My understanding doesn’t depress me. Knowing I’ve witnessed the most goose bump-inspiring sight in sports doesn’t keep me from watching. I’m one for nostalgia, and I feel like I’ve been here before. In front of a keyboard with the memories flooding back through my mind and out my fingertips. Maybe I have been here. At the very least, I’ve been somewhere similar.

Unlike the déjà vu-inducing moment, this post isn’t about my allegiance to the Hokies. It’s not about my dedication to the Philadelphia Eagles. It doesn’t detail a relationship with my late father. If that’s what you’re after, click through the hyperlink.
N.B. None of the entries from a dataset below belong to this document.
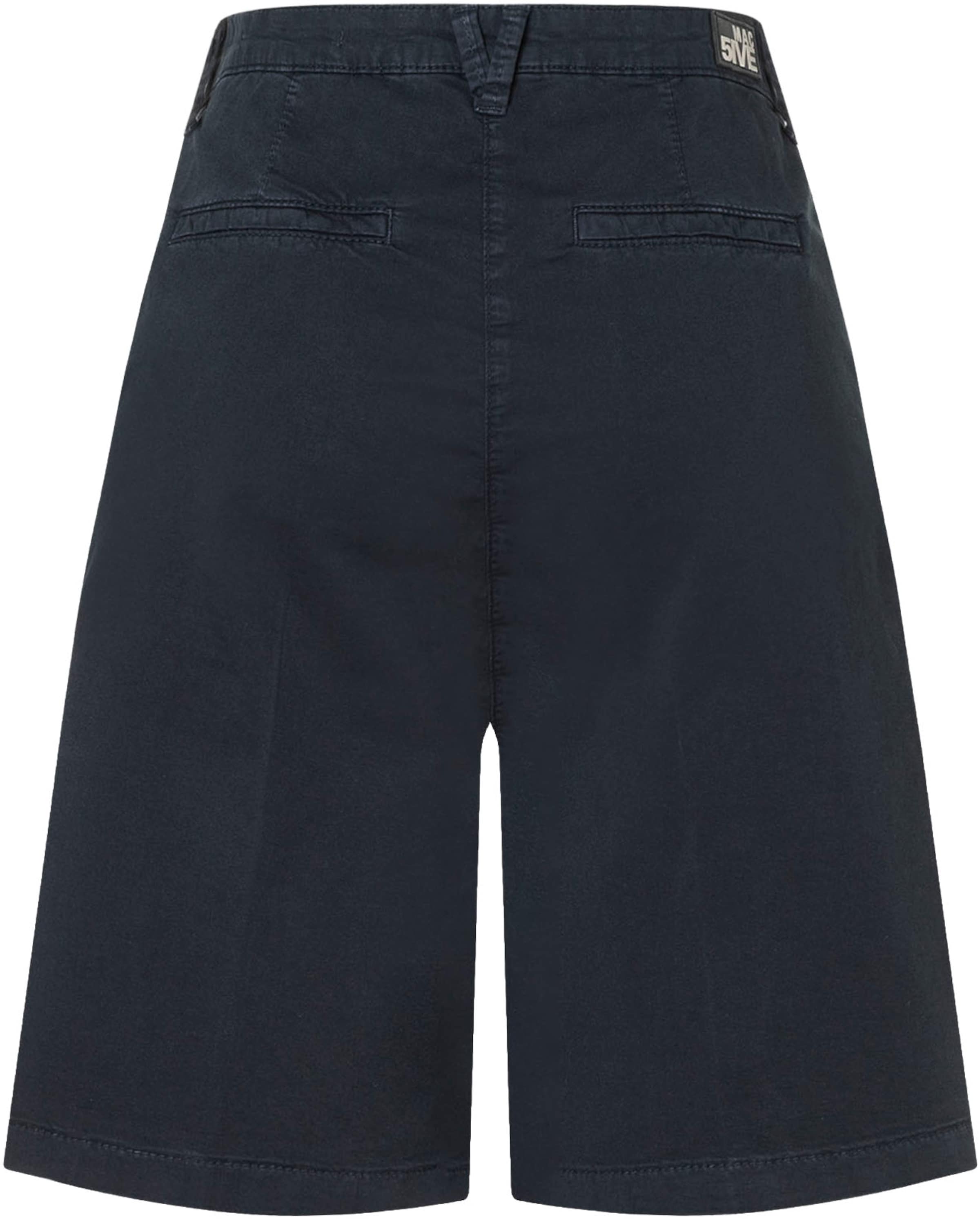 MAC Wide Leg Shorts in Blau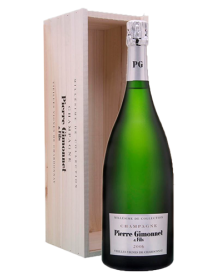 Champagne Gimonnet Brut Extra Blanc de blancs Millésime de Collection 2006 Magnum - Coffret bois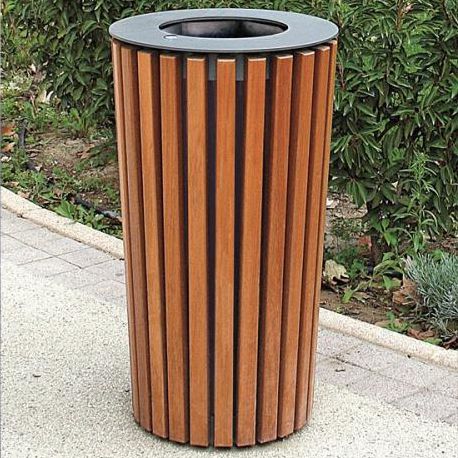 Пепельница на ножках - EXOTICA - univers & cité | mobilier urbain - из стали / из дерева / для улицы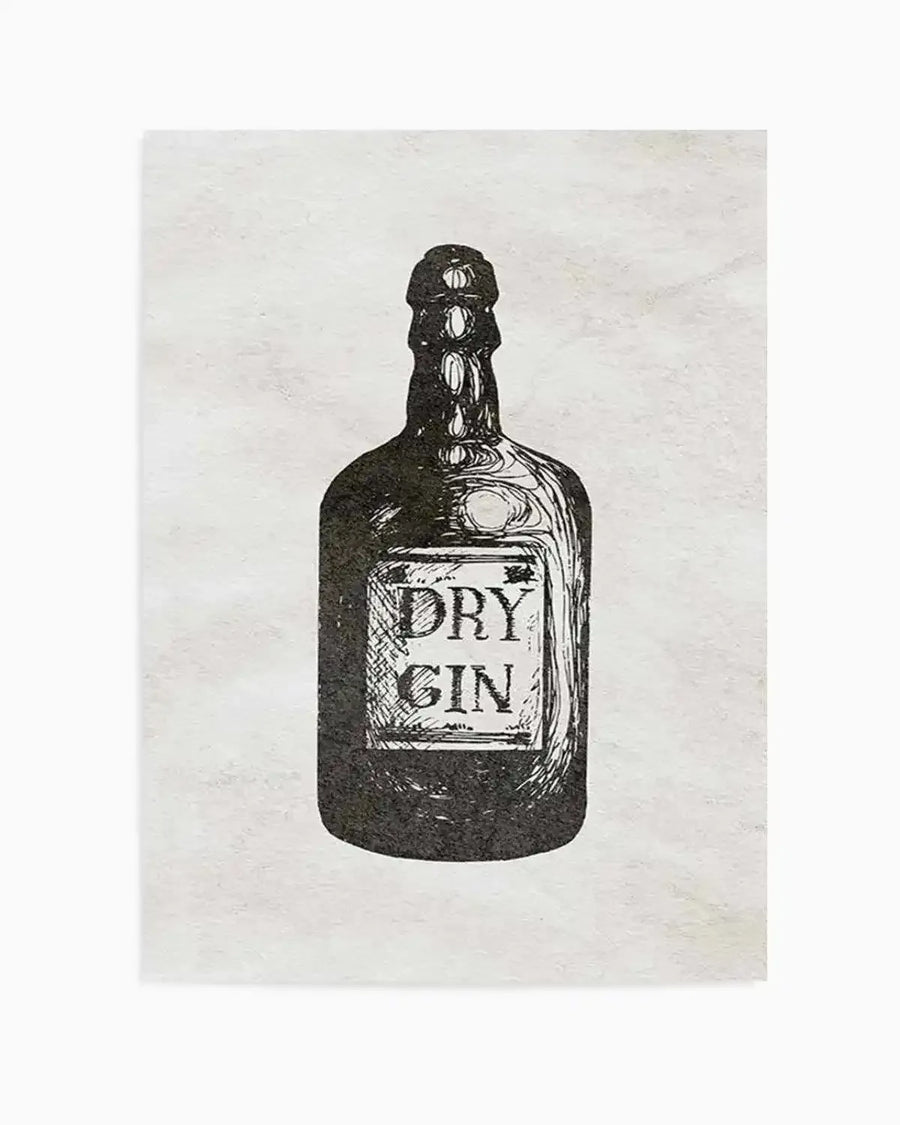 Dry Gin Art Print from Olive et Oriel where you can shop wallpaper and artworks online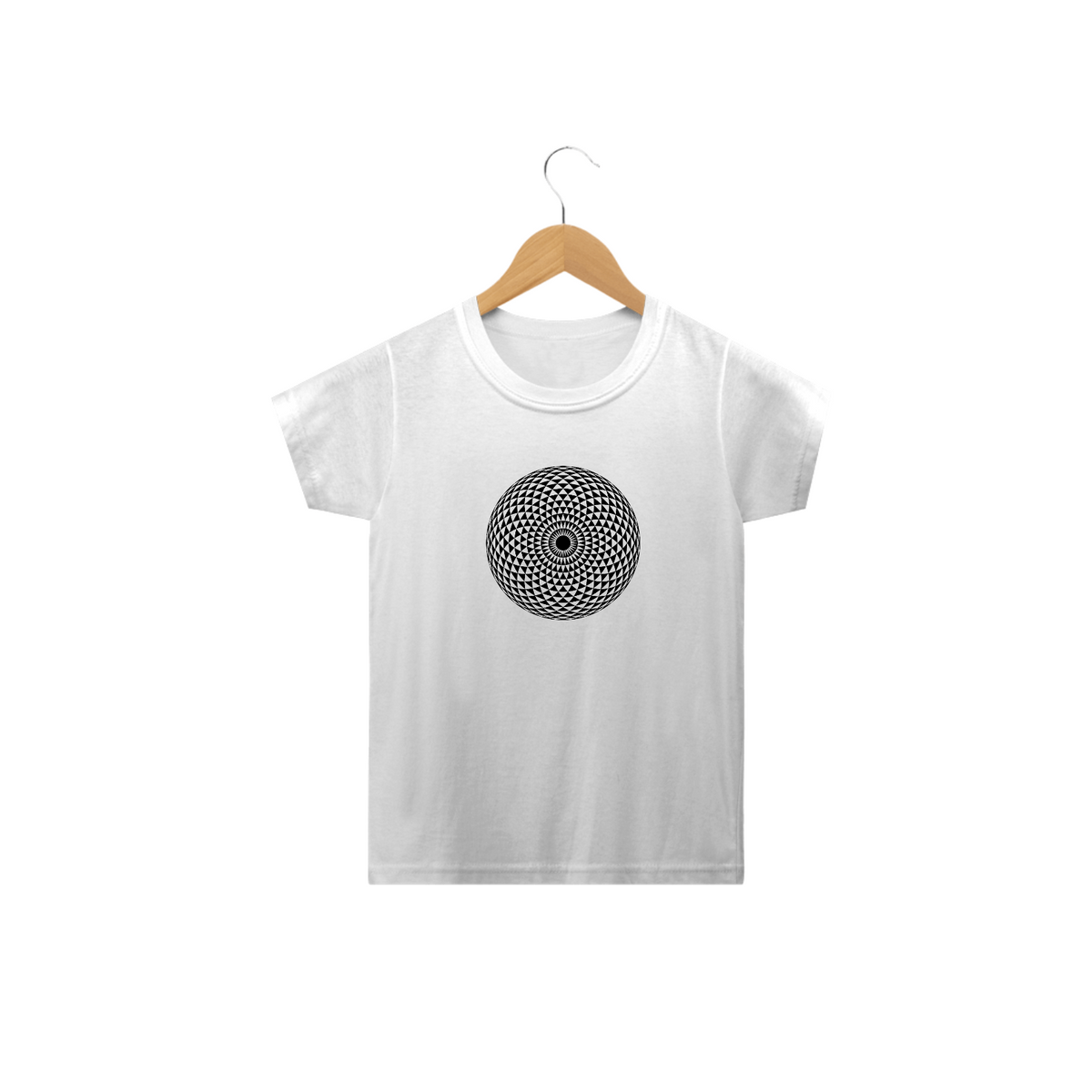 Nome do produto: Camiseta Classic Infantil - Mandala 1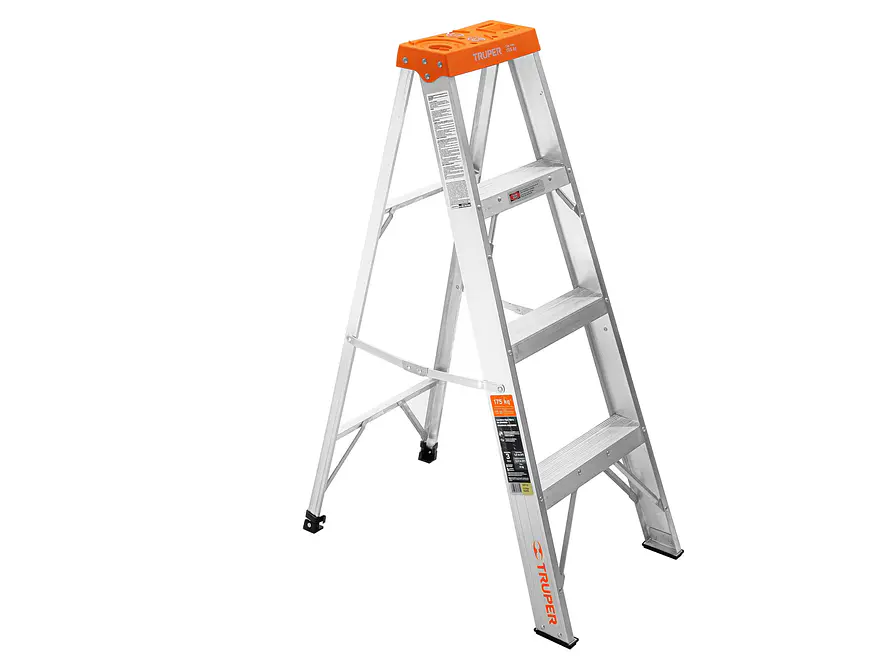 Escalera de tijera Truper 10435 tipo 2, 3 escalones  - Foto 1 | aztools.co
This is about how things tend to happen on this globe without reason or explanation. They don’t come back to you and ask for forgiveness or begin their occurrence begging for permission. Things happen and you see them. Sports sit atop the list of unpredictable. We never know what we’ll see when the ball snaps, the pitch is delivered or the shot taken. Viewers are reduced to nothingness as we watch and learn. Predictions and post-game griping make us feel smart, like we’re a part of the action. Deep down we know we are just hanging on every pass and waiting for those moments that take our breaths away. We wait for greatness, and sometimes, we see it running down a field among others who don’t belong on the same plane.

Watch a documentary about a sports figure and the clichés are everywhere. They’re all true to the voices retelling them. No one ever saw someone make a catch like Willie Mays did. The sheer power and speed of Bo Jackson changed things. Julius Erving’s dunk from the free throw line felt impossible. The true game-changers did what never could be imagined. The people who saw those feats, they realized the special talent immediately and naturally.

When Vick took off for the first time – a 54-yard dash – things changed for me. At 11 years old, I didn’t know enough about allegiance to assume my guy was better than other guys. Instead, I just knew it. He moved in a way that could only be compared to magic. He ran what felt like 400 yards in what felt like two seconds. He instantly became the main character in my storybook.

He chased a dream, then demons, then another dream, then turnover woes and now he’s back in a starting job. Chip Kelly decided rather than let Nick Foles run seven yards, he’d let Vick run 30. Of course, the 33-year-old has lost a fraction of a step, but when you start with what he had, it’s still valuable.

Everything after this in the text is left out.